▶ **WHAT NEEDS TO BE DONE**: What's needed is an exact copy of the lines from the one that contains "ホテルTeton Pines Jackson Hole エクステリア 写真" to the end of the data below, leaving the pictures out.

Start of SUPPLIED DATA

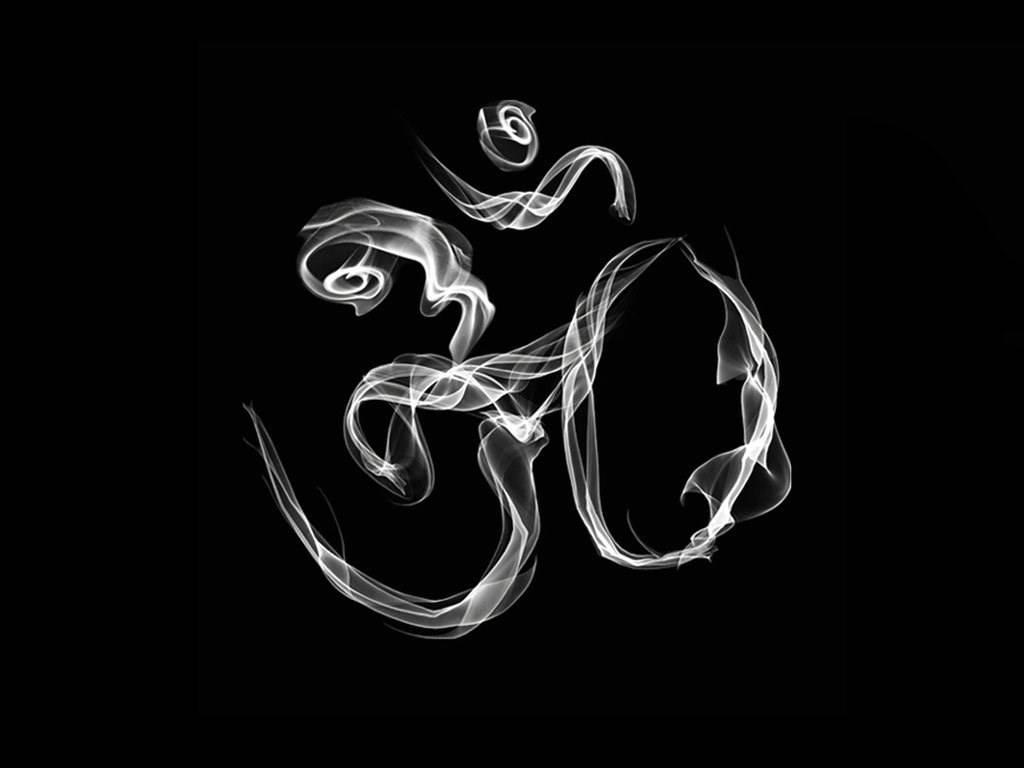1024x768 Download Ganesh Black And White Smoke Art Wallpaper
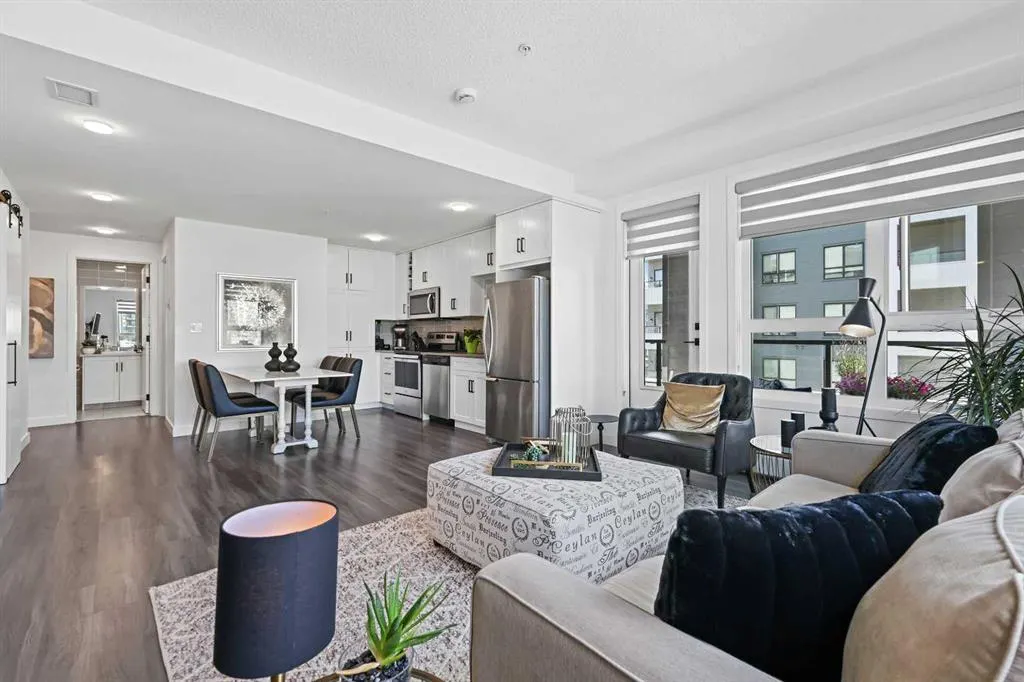 350 Livingston Common NE, #1215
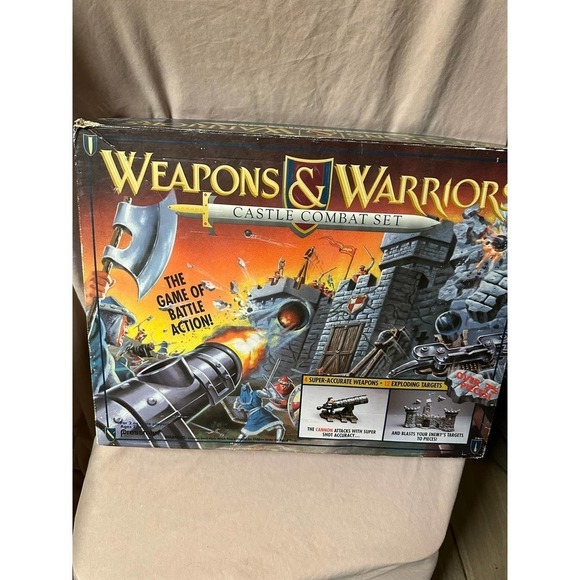 Vintage Weapons and Warriors Castle Combat  Set1994 Pressman Siege Game Rare HTF - Picture 1 of 3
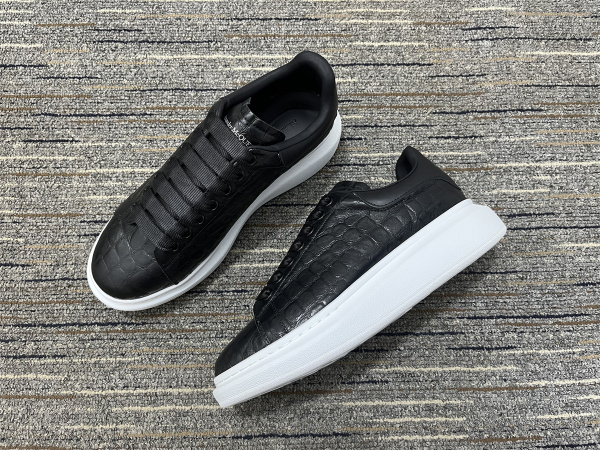 A*exander M*queen Sneaker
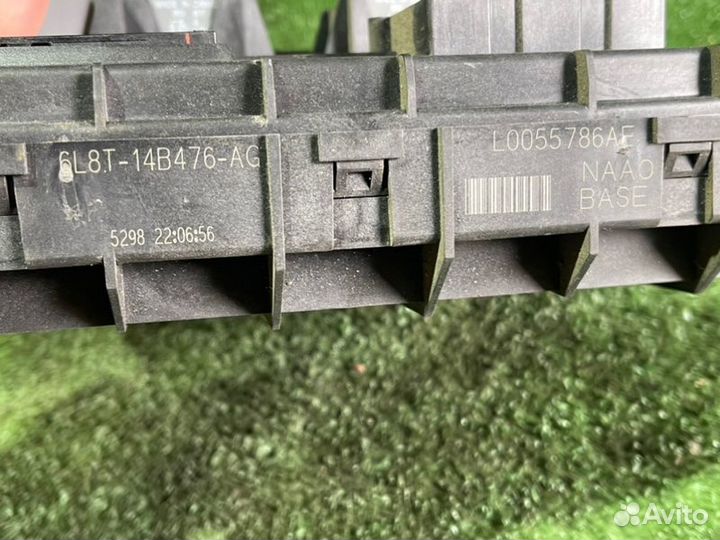 Блок предохранителей Escape Tribute Maverick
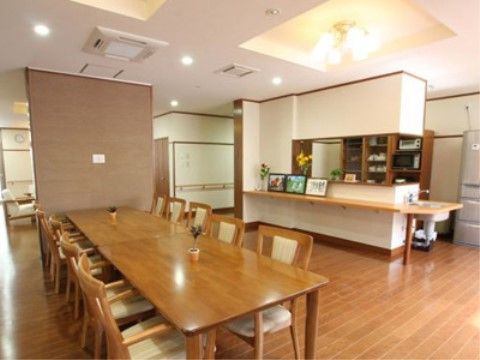 食堂には水屋があり毎日使用するマグカップや湯のみなどを保管することができ、いつでも取り出して使用することができる。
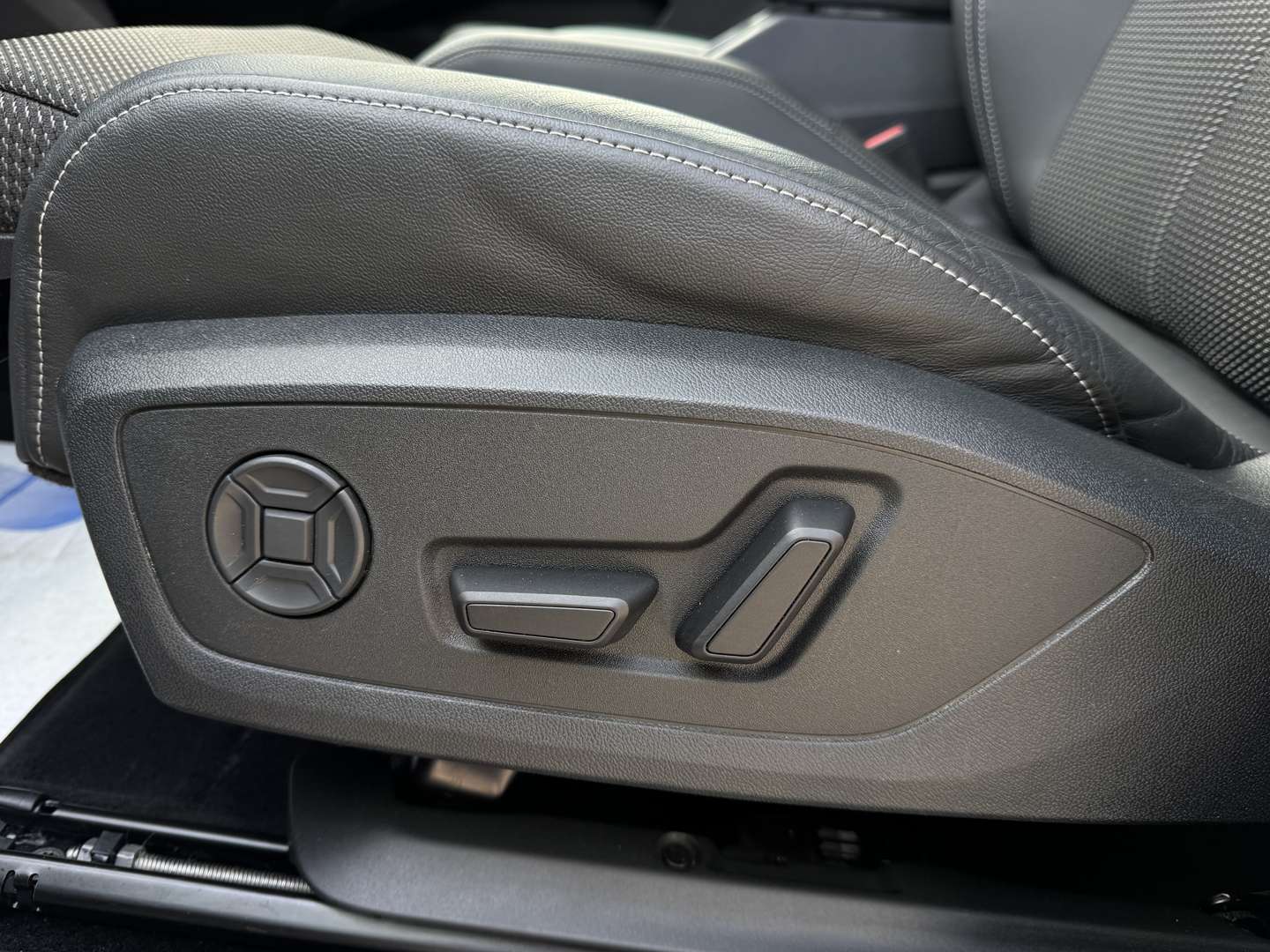 Audi Q4 E-tron Corporate S 45 E-tron - 2025 - Joinsteer - #15
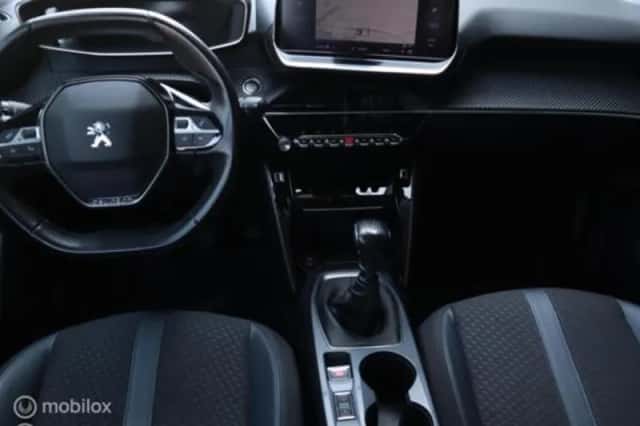Peugeot 2008 (2020) thumbnail 15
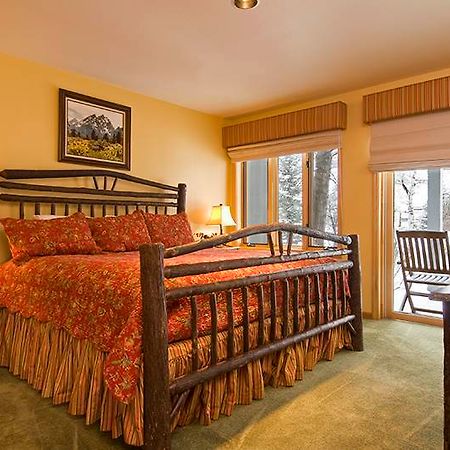 ホテルTeton Pines Jackson Hole エクステリア 写真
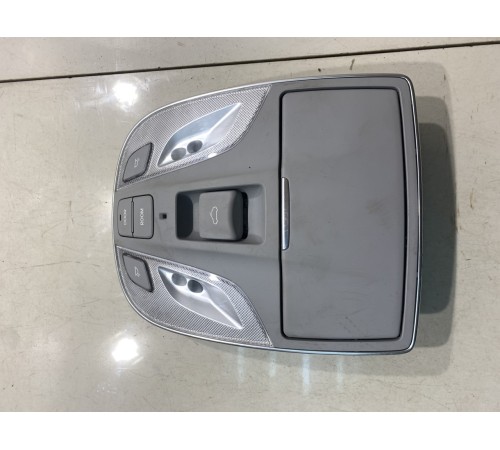 Плафон внутреннего освещения (передний)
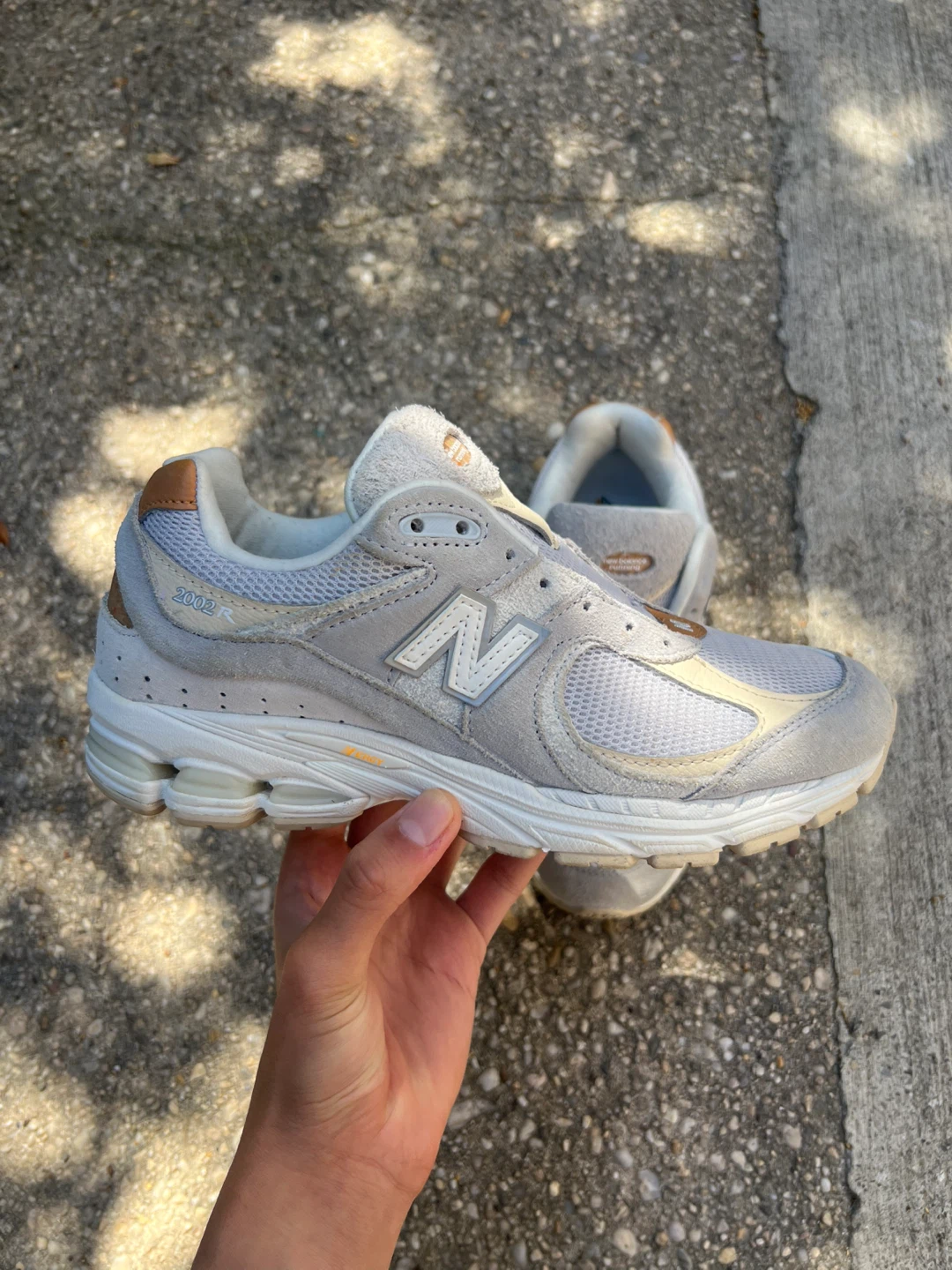 New Balance 2002R Grey Sneakers - photo 3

End of SUPPLIED DATA

▶ **ANSWER SECTION**:
 ホテルTeton Pines Jackson Hole エクステリア 写真
 Плафон внутреннего освещения (передний)
 New Balance 2002R Grey Sneakers - photo 3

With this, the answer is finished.